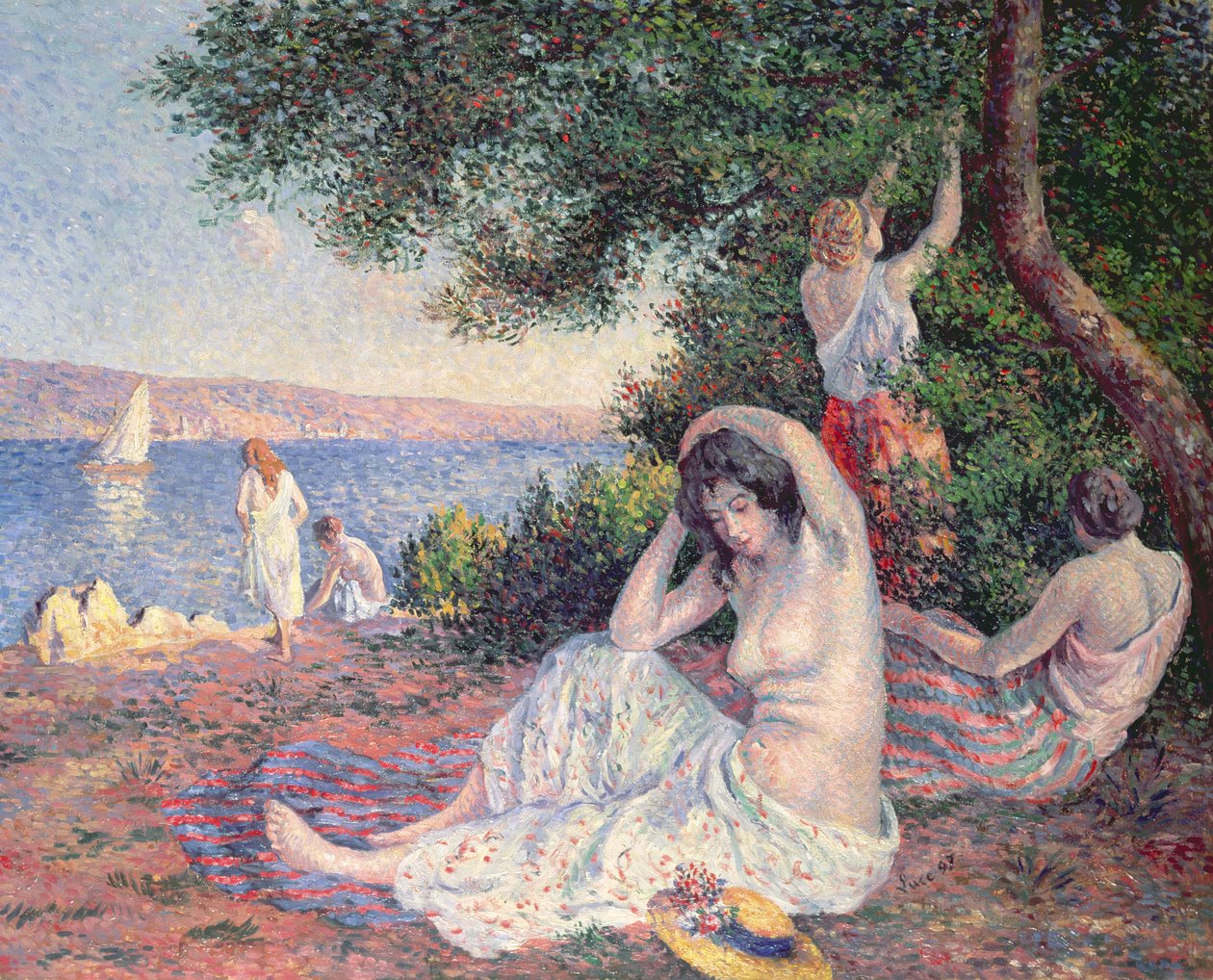 女人洗澡 作者 马克西米利安·卢斯（Maximilien Luce）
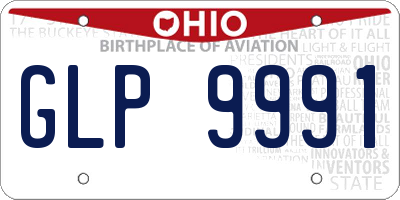 OH license plate GLP9991
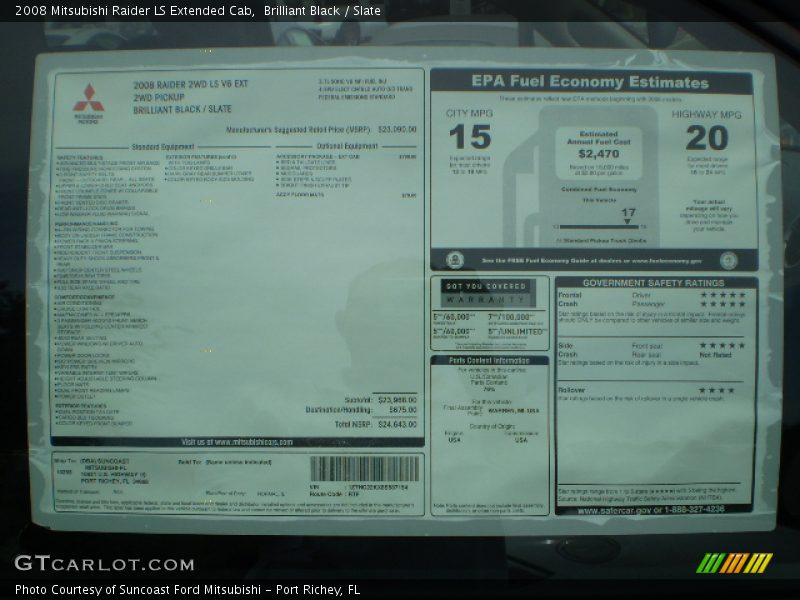Brilliant Black / Slate 2008 Mitsubishi Raider LS Extended Cab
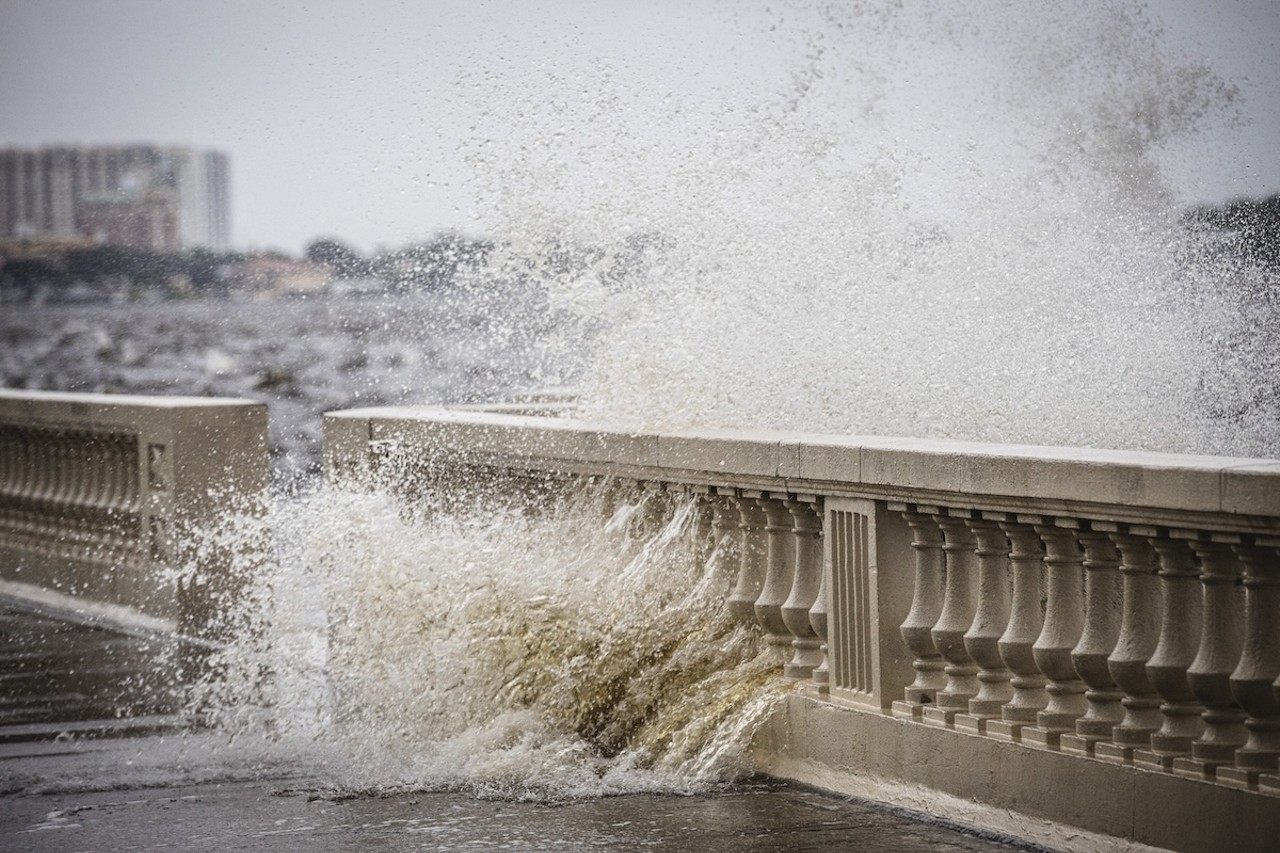 Waves crash on Bayshore Boulevard in Tampa, Florida on Sept. 26, 2024.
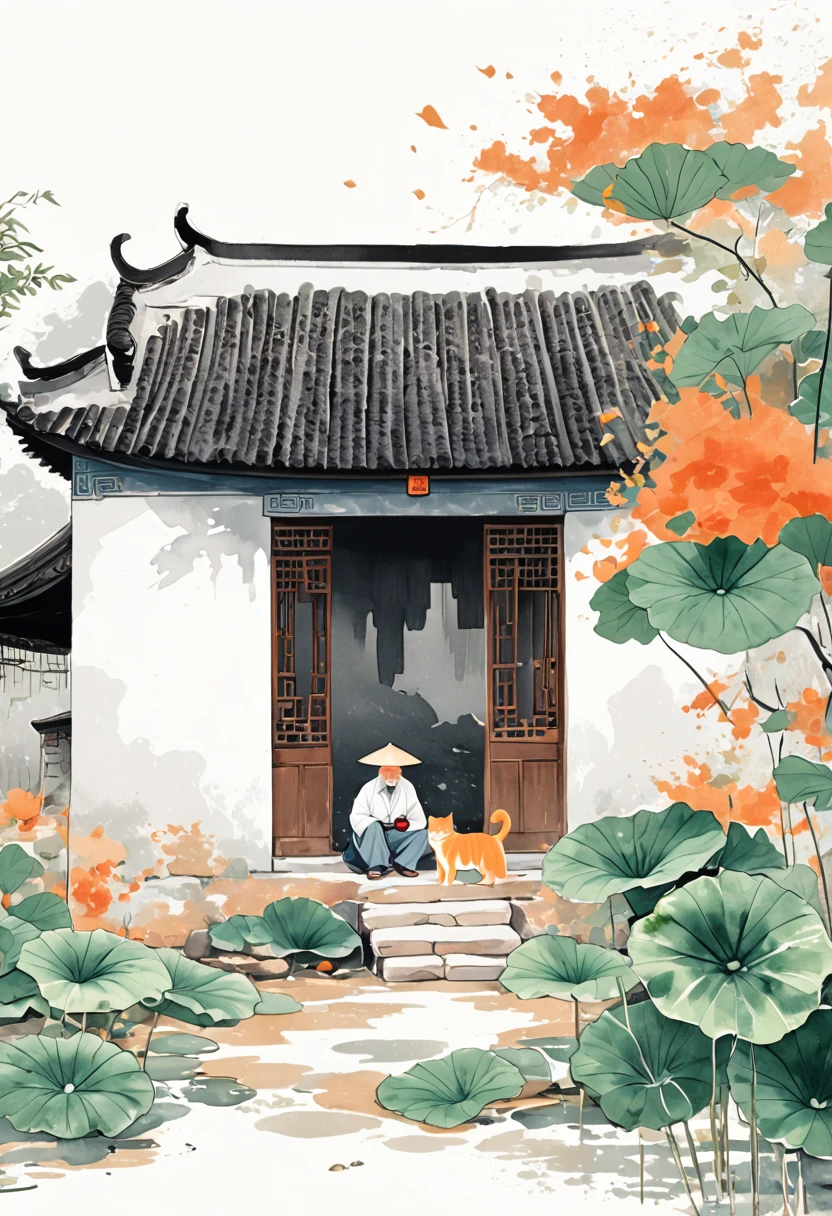 Cartoon Chinese style,An old man wearing a straw hat sits under a thatched hut eating watermelon,and next to an orange cat sits beside him,Features of the comic style,rough drawing,colorful cartoon illustrations,Simple lines,flat coloring,and Chinese-style cartoon characters,flat painting style,lots of white space,clean solid color background,minimalist background,a small amount of content,huge void,mostly empty,very little percentage,a very small proportion,very small content,very large empty space,breathable space, Artistic ink painting,Three-dimensional ink painting,Minimalist graphics,Minimal Art,Clean background,ancient white space,White Space,large white space,Texture Matte,Low saturation,Minimalist composition,Master composition,A person far away,cantered,white background,negative space,simple tattoo,line art,simple drawing,landscape,stylized,(((Lots of white space:1.5))),(Lots of white space:1.6),simple,Minimalism,abstract,Freehand,Aesthetic,unsaturated picture,asymmetric picture,a small object in a vast empty space,minimalist scene with a tiny subject in the center,centered small subject with large white space around it,(((small focal point))),(((minimal objects))),(((tiny subject))),no detailed backgrounds,(((empty space))),simple composition,avoiding clutter,no large elements,(((minimalist))),lack of intricate details,wide empty space,sparse,dominant blank space,simple scene,(((less busy))),(((without detailed objects))),(((no complex backgrounds))),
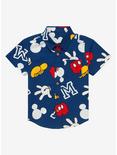 Disney Mickey Mouse Icons Allover Print Toddler Woven Button-Up - BoxLunch Exclusive , NAVY, hi-res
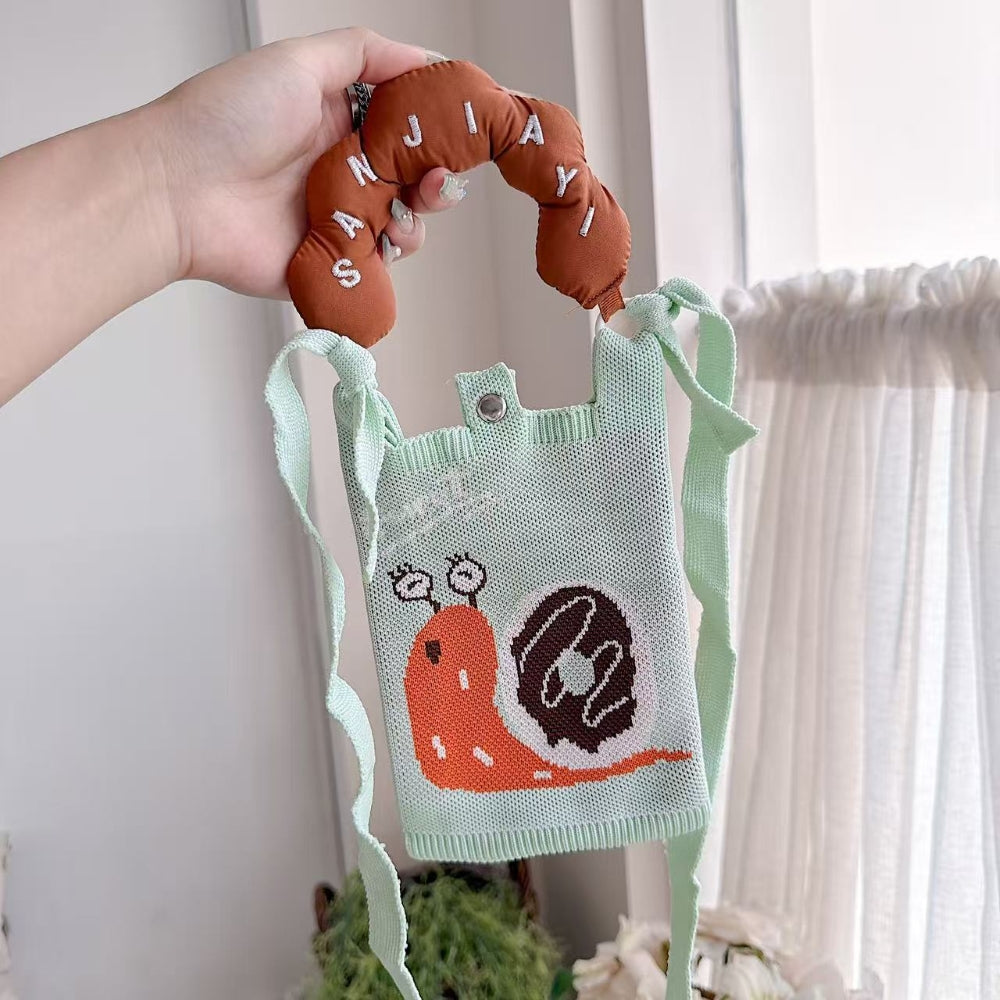 Snuggle Snail Knit Cloud Handle Phone Bag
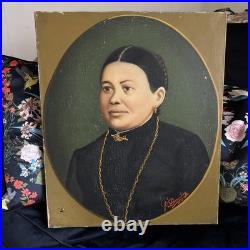 Portrait XIX Ème s Signée Représentant Une Femme, Huile Sur Toile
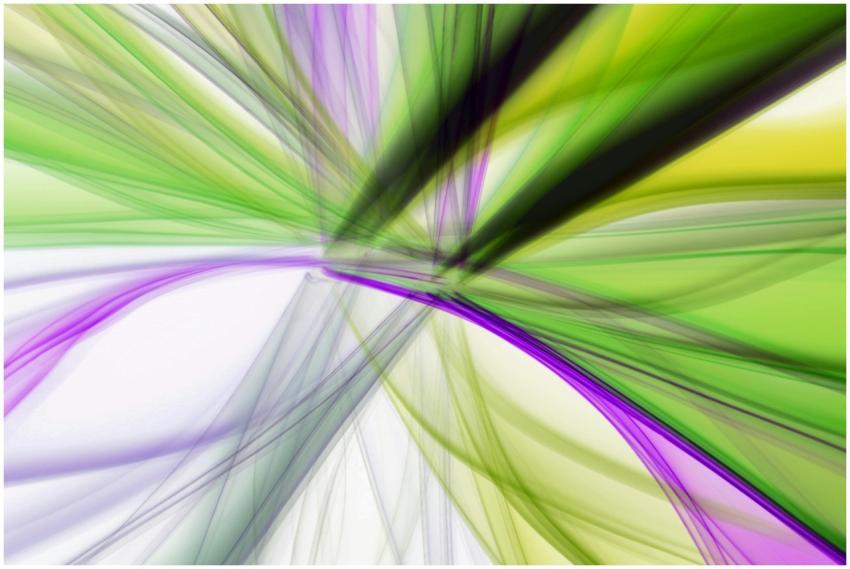 Dynamic abstract image featuring vibrant green and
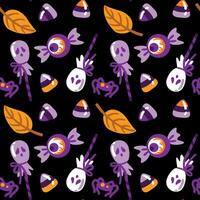 Halloween candy, lollipops in the shaped eye, ghost on black background. Childish print. Seamless pattern vector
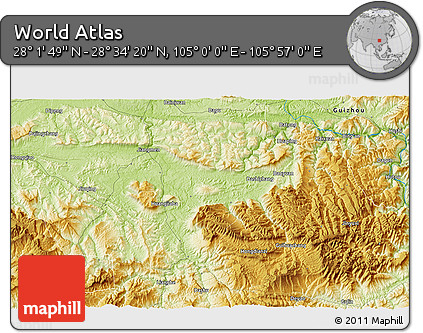 Physical 3D Map of the Area around 28° 18' 5" N, 105° 28' 29" E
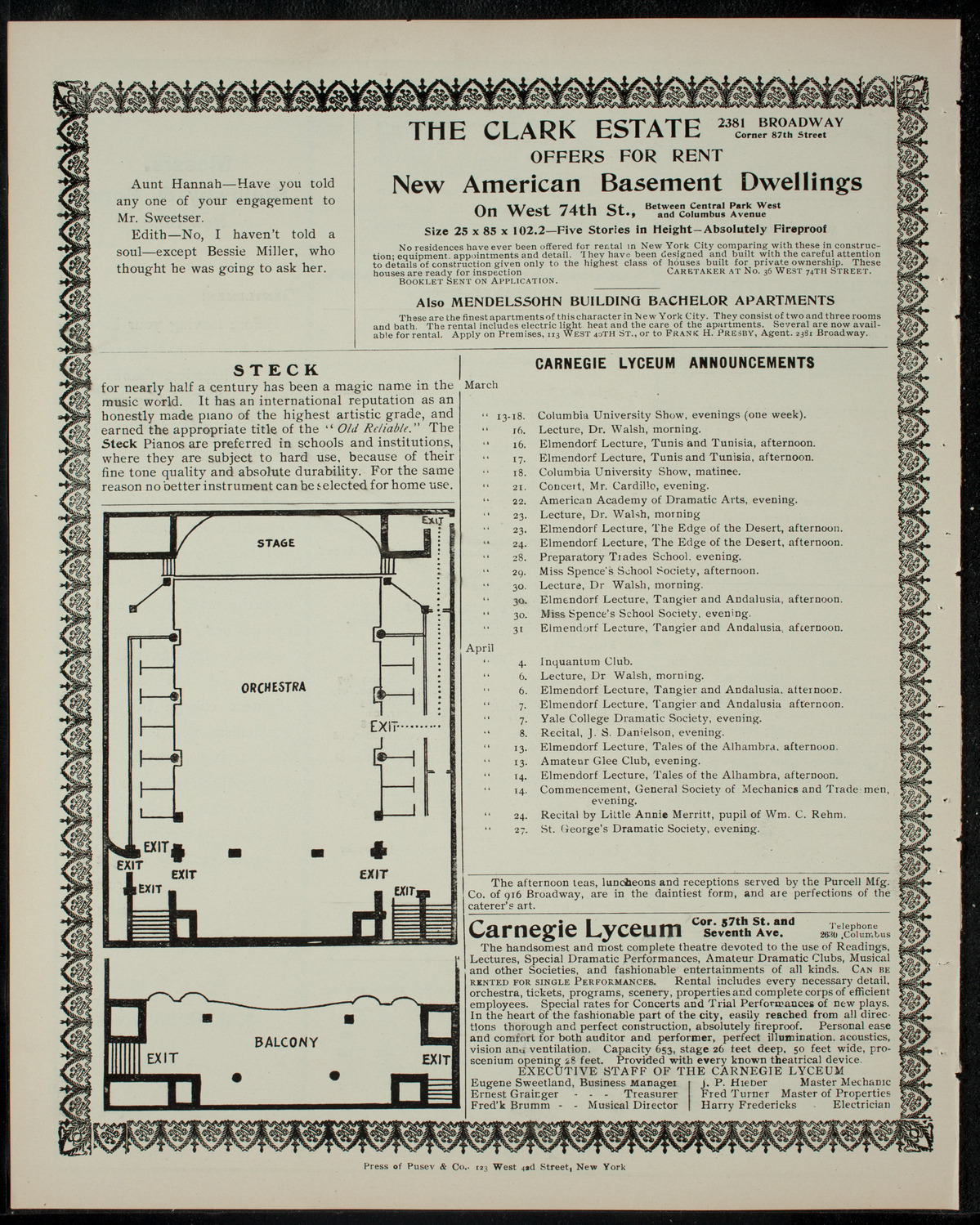 Columbia Varsity Show, March 15, 1905, program page 4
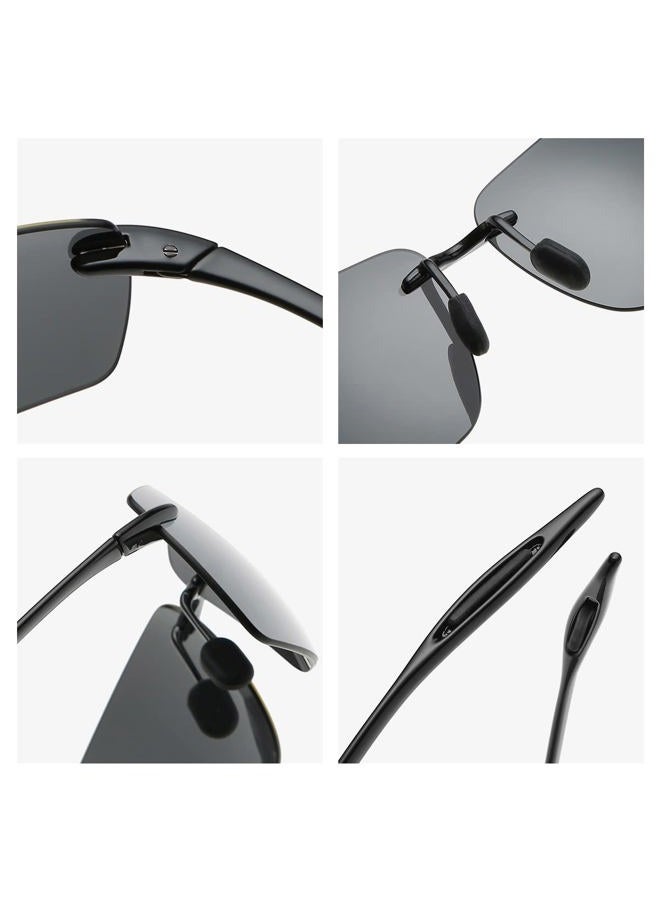 MIRYEA Rimless Polarized Sports Sunglasses for Men Women Driving Cycling Running Fishing Golf 100% UV Protection Sun Glasses Fashion Unisex Shades Retro Eyeglasses Anti Glare Classic Mirror Lens Eyewear - Image 4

- [What this task involves]
Provide the lines again, unchanged, from where the data above begins through the line containing "Waves crash on", both ends included, omitting pictures and adding nothing.

- [Answer section]
 女人洗澡 作者 马克西米利安·卢斯（Maximilien Luce）
 OH license plate GLP9991
Brilliant Black / Slate 2008 Mitsubishi Raider LS Extended Cab
 Waves crash on Bayshore Boulevard in Tampa, Florida on Sept. 26, 2024.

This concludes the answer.